Weak founder effects but significant spatial genetic imprint of recent contraction and expansion of European beech populations.
Oddou-Muratorio, Sylvie; Lander, Tonya; Klein, Etienne; Roig, Anne (2020), Weak founder effects but significant spatial genetic imprint of recent contraction and expansion of European beech populations., Dryad, Dataset, https://doi.org/10.5061/dryad.nvx0k6dqt
This data set combines the genotypes, geographical locations and basic measurement of 2532 adult beech trees in 71 plots covering five different regions of Mont Ventoux, SouthEast France. We combined 3 different data sets consisting in:
- Three “intensively” studied plots (West-N2, West-384 and West-257-2), within the NW_REF region, with exhaustive sampling of adult trees (579 trees in total). This data set is previously described and analyzed in Oddou-Muratorio, Gauzere, Bontemps, Rey, & Klein (2018) and in Lander, Oddou-Muratorio, Prouillet-Leplat, & Klein, (2011).
- A set of 48 plots where a total of 1353 adult trees were sampled non-exhaustively (see detail protocol below), previously described and analysed in Lander, Oddou-Muratorio, Prouillet-Leplat, & Klein, (2011).
- A set of 20 plots where a total of 600 adult trees were sampled non-exhaustively specifically for this study, following the protocol of Lander, Oddou-Muratorio, Prouillet-Leplat, & Klein (2011).
For data sets B and C, the same sampling protocol was applied. We selected 28 adult beech trees on average (up to a maximum of 40 individuals) in an area of ~50 m radius so that all trees were separated by at least 3 meters. Circumference at breast height and coordinates were recorded for each tree. Moreover, half of the trees were chosen because they had the largest circumference in the stand (“Old” trees) and half had the smallest circumference (but > 160 mm; “Young” trees).
In the three intensive study plots of data set A, all adult trees were exhaustively sampled, and their circumference at breast height and coordinates were recorded. This intensive sampling effort allowed us to estimate the probability of vegetative reproduction. Indeed, beech is known to have the ability to reproduce vegetatively through resprouting around cut or fallen trees. Note that in data set A, if a tree obviously had multiple stems, only the largest stem was sampled. After careful elimination of clonal individual (see paragraph 2 below), on each of the three plots, we selected 20 small (“Young”) and 20 large (“Old”) trees based on their circumference (40 trees in total per plot), ensuring a minimum distance between them >3 m.

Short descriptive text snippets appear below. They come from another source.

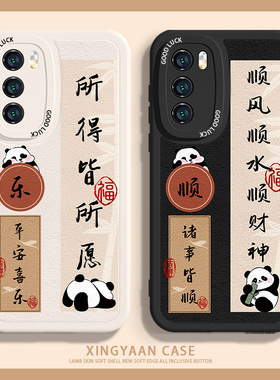 适用华为mate60pro手机壳熊猫mate50新款nova11平安喜乐mate40国风p60p50创意荣耀90情侣100小羊皮9红色10套8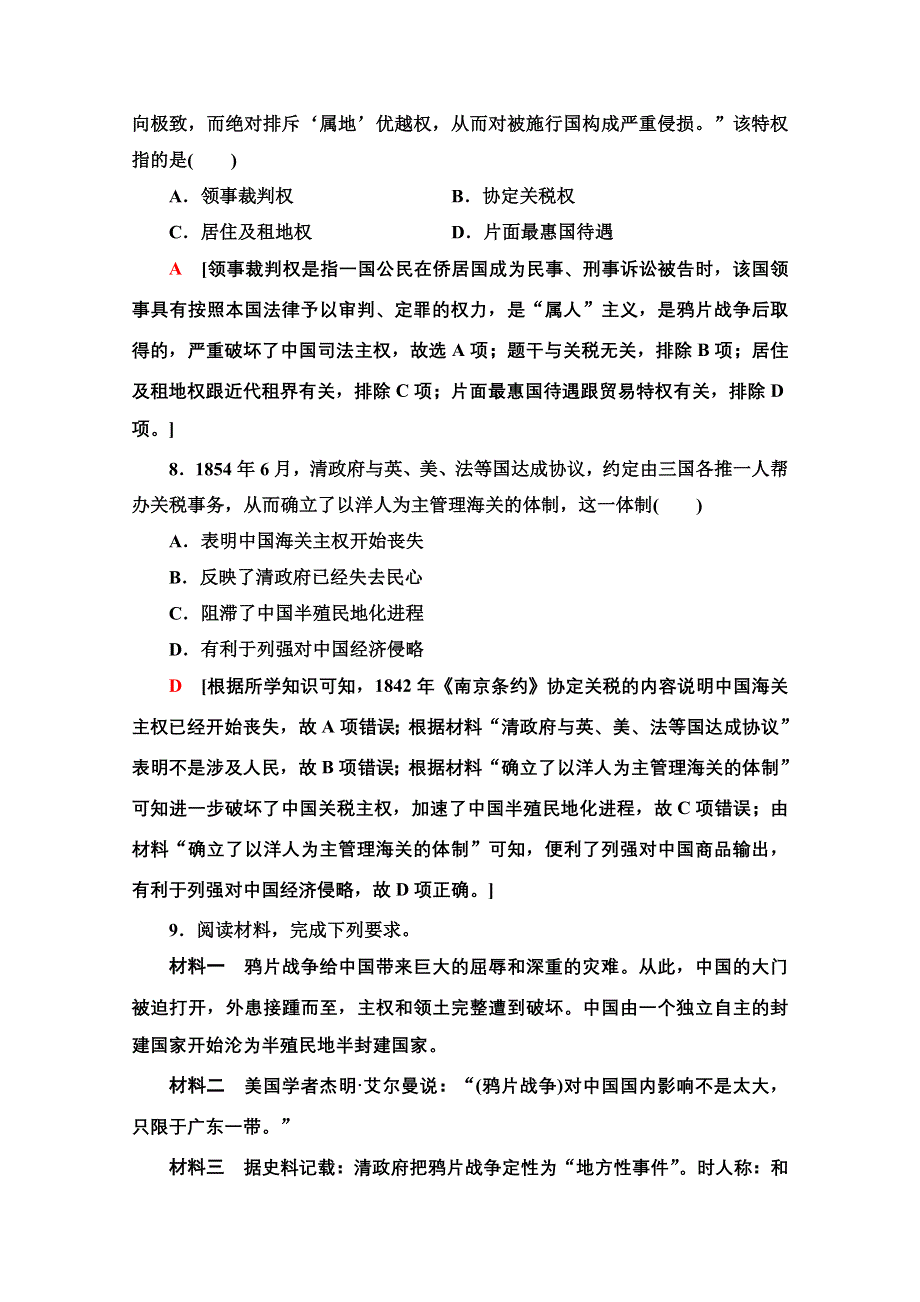 2020-2021学年历史人教版必修1课时分层作业10 鸦片战争 WORD版含解析.doc_第3页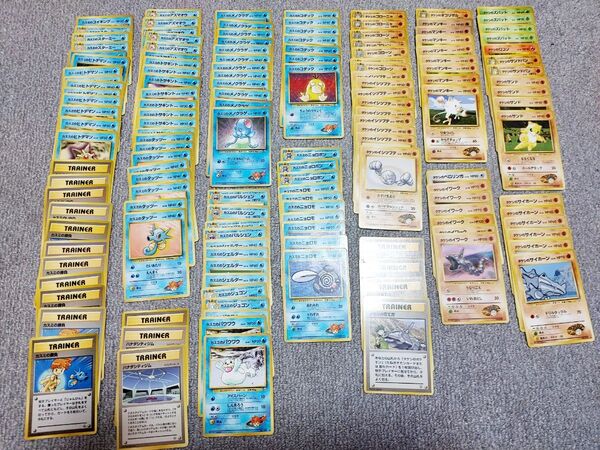旧裏ジムリーダーポケモンカード【タケシ・カスミノーマルカードまとめ売り145枚】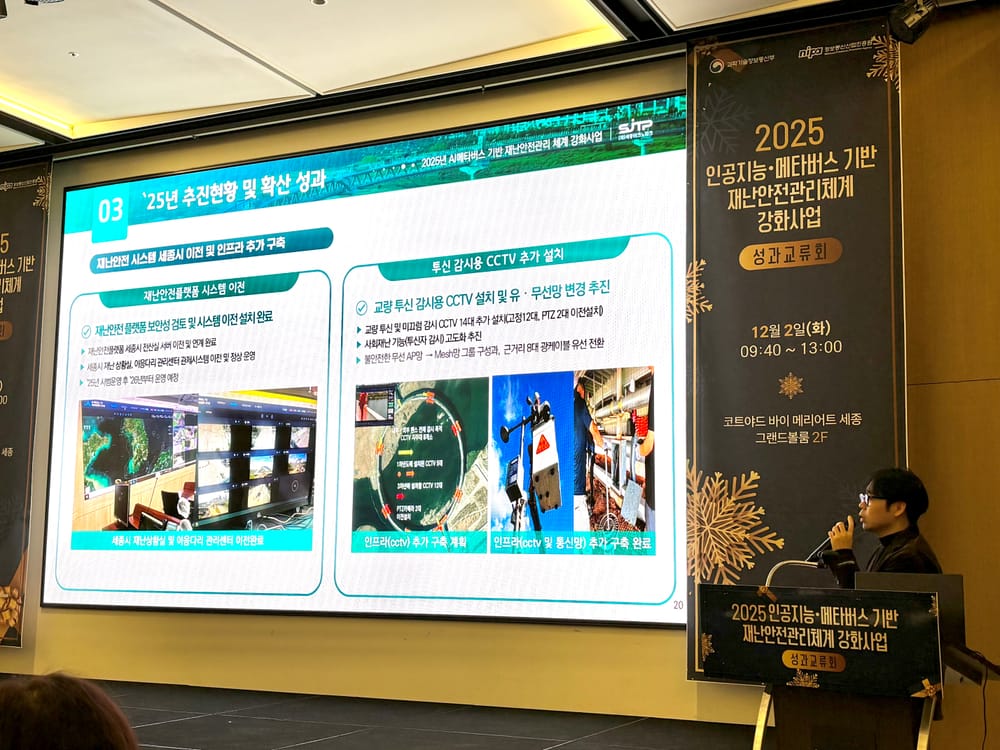 인공지능기반 재난안전관리구축 사례 널리 알린다! post image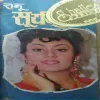 Suryamukhi (by= Ranu ) (page no=253) (publised by=2001)small damage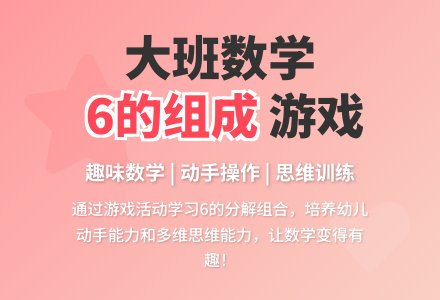 幼儿园大班数学教案：闹花灯-幼师课件网
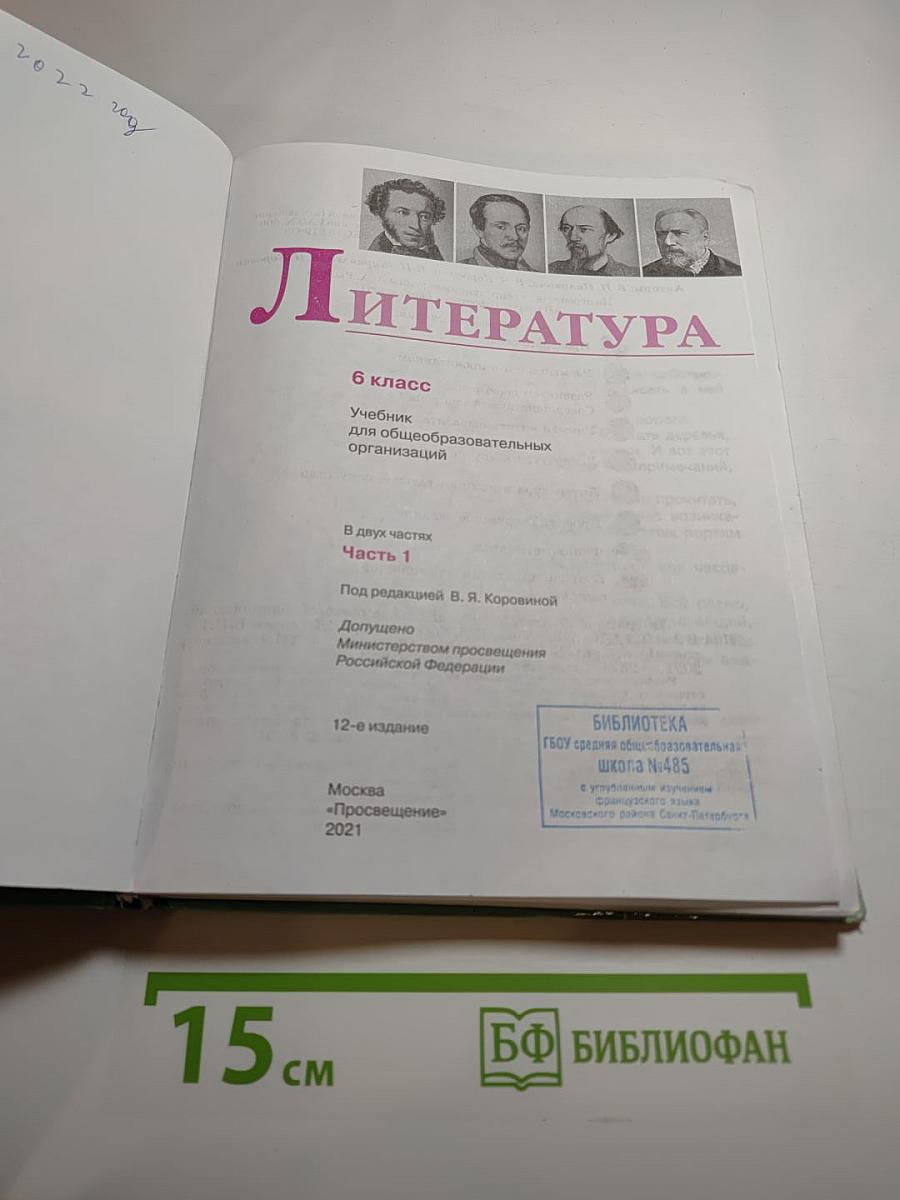 Литература 6 класс, Часть 1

For data sets A and B leaf samples were collected in 2008 and 2009 and stored at INRA Avignon laboratory at –20°C. For data set C, leaf samples were collected in 2015 and stored at the INRA Avignon laboratory at ambient temperature (using desiccant for conservation).
The maximal age of a tree within each plot was estimated based on two approaches. In 44 plots among the 71 studied, two trees per plot were selected to be cored at 1.30 m (targeting the largest and the smallest one). Cores were read to estimate tree age from ring profile. The oldest age was considered as a rough estimate of the maximal age of a tree in 2015 in a given plot. In the other plots, this maximal age of a tree was estimated based on detailed dendroecological studies (F Jean & P Dreyfus, pers comm) which combined tree ring profile, size distribution of trees, and historical record of management operation within each plot.